Demand has been growing in the marketplace for local products for a number of years, yet many producers are hesitant or unprepared to engage in those markets, according to LSU AgCenter economist John Westra.
At recent training sessions in New Orleans and Hammond, participants heard from food buyers, who explained what’s required in order to market to a new set of customers that even include farm-to- school marketing, Westra said.
“The training covers topics ranging from communication and relationship building to packaging to quality assurance,” he said.
The New Orleans event included a cooking demonstration by Chef Travis Johnson, district executive chef with Sodexo New Orleans.
Johnson, along with others on the buyers panel agreed that the biggest challenge they face while dealing with small producers is food safety.
Providing products that meet the specifications can be quite involved, Johnson said. But that’s not a reason for small producers to feel left out because there are no size limitations for producers to do business with his company.
Patrick Morris, the produce director for Rouses Supermarkets is in charge of buying for 44 grocery stores, and he welcomes small producers with quality products.
“Food safety is the biggest problem that we encounter,” Morris said. “The liability factor on a major company is huge because people see it and say ‘hey, they’ve got money.’”
Morris feels that communication is key to working with small producers. “A big part of my job is building relationships because there are many farmers that we don’t even know, and they may feel they are too small to do business with us.”

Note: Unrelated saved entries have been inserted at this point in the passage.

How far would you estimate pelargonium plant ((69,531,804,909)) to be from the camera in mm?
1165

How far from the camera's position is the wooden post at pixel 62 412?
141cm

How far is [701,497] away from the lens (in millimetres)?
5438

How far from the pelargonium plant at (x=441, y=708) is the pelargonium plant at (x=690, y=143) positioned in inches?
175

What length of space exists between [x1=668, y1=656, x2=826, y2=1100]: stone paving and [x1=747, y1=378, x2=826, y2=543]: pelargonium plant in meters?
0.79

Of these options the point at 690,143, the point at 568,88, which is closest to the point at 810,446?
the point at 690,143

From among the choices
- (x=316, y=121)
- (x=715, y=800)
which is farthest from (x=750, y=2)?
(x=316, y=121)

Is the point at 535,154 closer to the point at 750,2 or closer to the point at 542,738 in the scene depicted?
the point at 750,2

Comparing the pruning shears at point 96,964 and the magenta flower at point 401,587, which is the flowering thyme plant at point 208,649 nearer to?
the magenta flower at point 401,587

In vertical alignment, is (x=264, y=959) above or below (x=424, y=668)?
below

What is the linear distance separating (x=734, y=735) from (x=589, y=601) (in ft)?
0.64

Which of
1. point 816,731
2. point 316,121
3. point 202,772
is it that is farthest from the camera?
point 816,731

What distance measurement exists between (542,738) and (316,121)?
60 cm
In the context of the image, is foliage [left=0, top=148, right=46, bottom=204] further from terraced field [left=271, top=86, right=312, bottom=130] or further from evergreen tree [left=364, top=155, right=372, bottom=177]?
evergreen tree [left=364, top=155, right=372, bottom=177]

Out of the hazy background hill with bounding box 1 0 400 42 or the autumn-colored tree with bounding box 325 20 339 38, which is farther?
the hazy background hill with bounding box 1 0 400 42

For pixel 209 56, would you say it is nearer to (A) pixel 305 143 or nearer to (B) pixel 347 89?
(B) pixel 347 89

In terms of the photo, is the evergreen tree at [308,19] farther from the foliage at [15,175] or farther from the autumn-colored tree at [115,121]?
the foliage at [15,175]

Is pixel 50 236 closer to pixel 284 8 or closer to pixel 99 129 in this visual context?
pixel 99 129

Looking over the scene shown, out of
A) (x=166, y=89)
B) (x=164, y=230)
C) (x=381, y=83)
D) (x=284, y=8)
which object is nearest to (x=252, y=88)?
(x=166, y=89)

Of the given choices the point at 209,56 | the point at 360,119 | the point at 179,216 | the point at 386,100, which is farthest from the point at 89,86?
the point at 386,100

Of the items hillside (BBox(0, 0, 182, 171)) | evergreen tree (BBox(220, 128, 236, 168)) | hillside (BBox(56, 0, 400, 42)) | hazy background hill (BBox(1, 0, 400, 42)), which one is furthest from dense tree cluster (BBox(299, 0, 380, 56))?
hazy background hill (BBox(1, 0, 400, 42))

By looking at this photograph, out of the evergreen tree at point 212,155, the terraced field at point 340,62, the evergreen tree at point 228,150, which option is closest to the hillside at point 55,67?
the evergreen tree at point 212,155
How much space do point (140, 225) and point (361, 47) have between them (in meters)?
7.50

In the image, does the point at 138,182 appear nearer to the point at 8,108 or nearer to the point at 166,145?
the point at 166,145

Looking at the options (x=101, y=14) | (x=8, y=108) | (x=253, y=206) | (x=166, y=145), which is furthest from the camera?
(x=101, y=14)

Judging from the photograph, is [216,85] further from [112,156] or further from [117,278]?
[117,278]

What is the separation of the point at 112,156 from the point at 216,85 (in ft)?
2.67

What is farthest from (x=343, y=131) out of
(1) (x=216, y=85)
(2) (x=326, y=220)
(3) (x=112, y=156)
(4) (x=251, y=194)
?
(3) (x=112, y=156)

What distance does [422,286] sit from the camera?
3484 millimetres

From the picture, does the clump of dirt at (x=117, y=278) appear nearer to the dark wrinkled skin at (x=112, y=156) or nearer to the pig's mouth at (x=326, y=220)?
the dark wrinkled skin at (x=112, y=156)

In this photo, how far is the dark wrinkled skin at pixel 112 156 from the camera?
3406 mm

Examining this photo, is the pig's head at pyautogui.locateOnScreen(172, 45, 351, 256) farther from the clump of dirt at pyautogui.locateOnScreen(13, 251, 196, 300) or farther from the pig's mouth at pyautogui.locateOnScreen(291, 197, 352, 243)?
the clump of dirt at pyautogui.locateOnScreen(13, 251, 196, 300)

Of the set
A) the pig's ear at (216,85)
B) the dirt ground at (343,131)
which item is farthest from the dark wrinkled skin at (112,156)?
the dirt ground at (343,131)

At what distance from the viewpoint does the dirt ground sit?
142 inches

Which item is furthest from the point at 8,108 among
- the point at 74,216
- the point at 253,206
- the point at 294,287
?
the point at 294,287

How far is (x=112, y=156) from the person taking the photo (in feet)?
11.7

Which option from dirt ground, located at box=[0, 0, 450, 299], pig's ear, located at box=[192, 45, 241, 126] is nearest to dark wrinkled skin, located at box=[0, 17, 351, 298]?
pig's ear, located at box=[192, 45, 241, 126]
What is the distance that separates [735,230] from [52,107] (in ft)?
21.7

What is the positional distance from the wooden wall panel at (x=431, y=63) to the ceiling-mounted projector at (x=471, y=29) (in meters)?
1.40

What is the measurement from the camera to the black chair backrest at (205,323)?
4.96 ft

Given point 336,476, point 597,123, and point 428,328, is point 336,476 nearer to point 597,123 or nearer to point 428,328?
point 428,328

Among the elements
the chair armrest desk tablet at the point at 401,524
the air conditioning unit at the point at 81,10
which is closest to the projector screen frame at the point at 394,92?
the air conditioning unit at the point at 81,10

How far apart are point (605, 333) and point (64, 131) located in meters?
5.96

The MarketReady program was designed and developed by the University of Kentucky Cooperative Extension Service as a program to give producers training on the best practices they should be using in order to sell directly to restaurants, produce buyers at grocery stores and other foodservice institutions, Westra said.
The program brings together a wide variety of producers, many with traditional products like fruits and vegetables, but others like John Odell of New Orleans, who is a mushroom forager.

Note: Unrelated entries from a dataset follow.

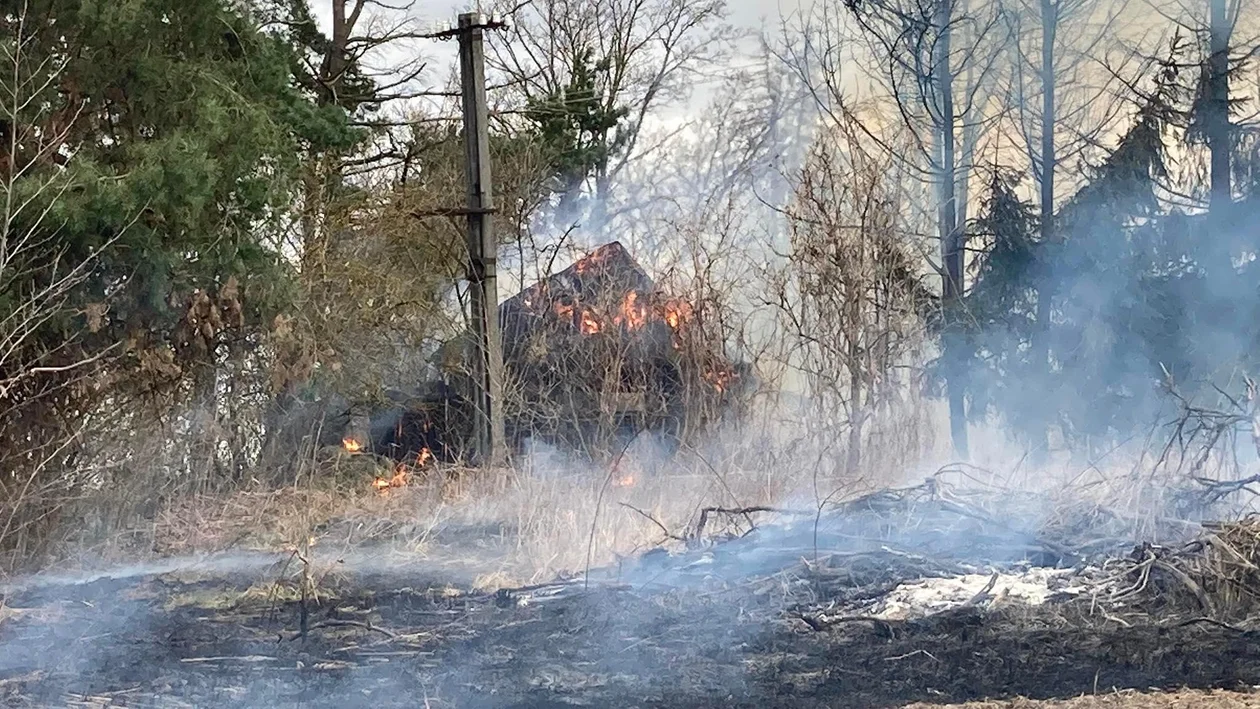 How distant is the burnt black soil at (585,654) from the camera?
177 inches

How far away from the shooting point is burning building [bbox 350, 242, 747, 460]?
9734 mm

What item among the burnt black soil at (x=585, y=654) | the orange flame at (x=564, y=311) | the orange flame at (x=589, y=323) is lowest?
the burnt black soil at (x=585, y=654)

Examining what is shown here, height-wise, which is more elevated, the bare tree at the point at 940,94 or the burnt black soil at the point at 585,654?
the bare tree at the point at 940,94

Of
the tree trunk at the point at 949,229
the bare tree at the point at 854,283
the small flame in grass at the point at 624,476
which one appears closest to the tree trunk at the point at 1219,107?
the tree trunk at the point at 949,229

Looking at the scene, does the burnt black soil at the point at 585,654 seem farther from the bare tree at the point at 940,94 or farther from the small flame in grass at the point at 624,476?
the bare tree at the point at 940,94

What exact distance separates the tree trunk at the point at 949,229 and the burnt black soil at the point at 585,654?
4256 millimetres

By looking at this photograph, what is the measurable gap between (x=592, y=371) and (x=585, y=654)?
570 cm

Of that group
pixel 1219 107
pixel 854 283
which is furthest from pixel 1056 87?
pixel 854 283

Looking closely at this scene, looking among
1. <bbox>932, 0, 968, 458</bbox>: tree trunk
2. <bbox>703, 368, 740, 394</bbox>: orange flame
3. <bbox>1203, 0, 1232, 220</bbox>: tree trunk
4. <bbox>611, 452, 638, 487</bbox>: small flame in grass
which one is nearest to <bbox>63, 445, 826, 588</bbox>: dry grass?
<bbox>611, 452, 638, 487</bbox>: small flame in grass

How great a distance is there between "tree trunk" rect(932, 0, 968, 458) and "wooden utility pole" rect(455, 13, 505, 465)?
163 inches

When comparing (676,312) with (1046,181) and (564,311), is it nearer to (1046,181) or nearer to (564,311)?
(564,311)

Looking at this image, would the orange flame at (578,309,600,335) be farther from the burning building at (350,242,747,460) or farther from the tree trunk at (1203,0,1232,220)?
the tree trunk at (1203,0,1232,220)

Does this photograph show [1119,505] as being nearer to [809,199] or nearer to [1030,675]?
[1030,675]

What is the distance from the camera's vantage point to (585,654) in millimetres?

Odell, who works for Jazzfest during the offseason, forages for mushrooms to sell to local restaurants during the summer months.
“I’m just getting started in the business, so when I heard about the program, I decided to come and learn how to market my product,” he said.

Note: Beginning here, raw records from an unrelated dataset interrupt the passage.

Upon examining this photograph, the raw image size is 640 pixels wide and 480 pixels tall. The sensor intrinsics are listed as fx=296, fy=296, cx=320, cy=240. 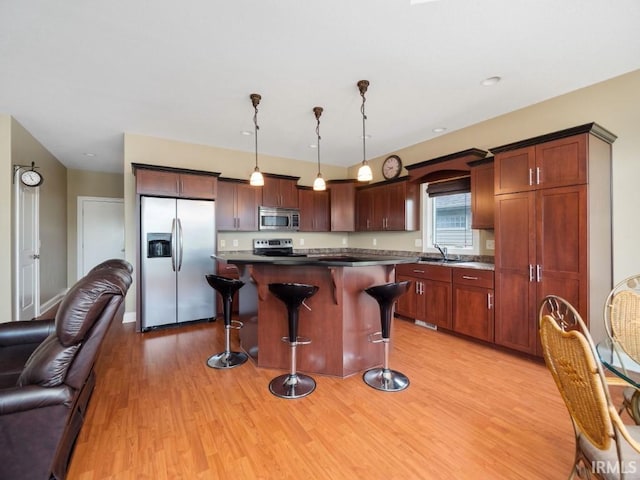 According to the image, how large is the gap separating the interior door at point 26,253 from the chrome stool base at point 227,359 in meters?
2.88

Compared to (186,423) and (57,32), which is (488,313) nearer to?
(186,423)

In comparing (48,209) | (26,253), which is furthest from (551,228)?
(48,209)

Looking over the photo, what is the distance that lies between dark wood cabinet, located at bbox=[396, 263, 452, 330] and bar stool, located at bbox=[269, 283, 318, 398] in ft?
6.79

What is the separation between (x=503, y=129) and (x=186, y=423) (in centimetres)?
440

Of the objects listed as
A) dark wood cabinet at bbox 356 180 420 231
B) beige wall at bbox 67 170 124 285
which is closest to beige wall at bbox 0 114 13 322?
beige wall at bbox 67 170 124 285

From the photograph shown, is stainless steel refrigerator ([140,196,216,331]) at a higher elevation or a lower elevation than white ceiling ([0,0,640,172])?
lower

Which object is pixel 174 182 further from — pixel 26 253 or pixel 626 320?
pixel 626 320

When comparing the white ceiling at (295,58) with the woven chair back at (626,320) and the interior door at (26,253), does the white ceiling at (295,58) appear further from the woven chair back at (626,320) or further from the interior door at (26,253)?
the woven chair back at (626,320)

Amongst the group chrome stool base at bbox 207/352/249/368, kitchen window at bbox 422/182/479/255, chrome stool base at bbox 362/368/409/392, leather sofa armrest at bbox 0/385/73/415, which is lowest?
chrome stool base at bbox 362/368/409/392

Simone Reggie, with Good Eggs, said her company is an online forum for local farmers and food makers to sell their products directly to the consumer.
“We work with about 200 producers, which are about 85 percent local,” Reggie said. “When you shop with us, the produce is picked and delivered to you the same day.”
The one-day program is divided into modules of best practices identified by industry people to explain how small producers can be successful in marketing their products to the food industry, Westra said.
“Over the next couple of years we’ll be looking for funding to expand this training to involve almost all producers, including beef cattle and seafood,” he said.
Three training sessions have been held in south Louisiana, with eight planned for other areas in the state this year.
The MarketReady program is funded through a specialty crop grant provided by the Louisiana Department of Agriculture and Forestry.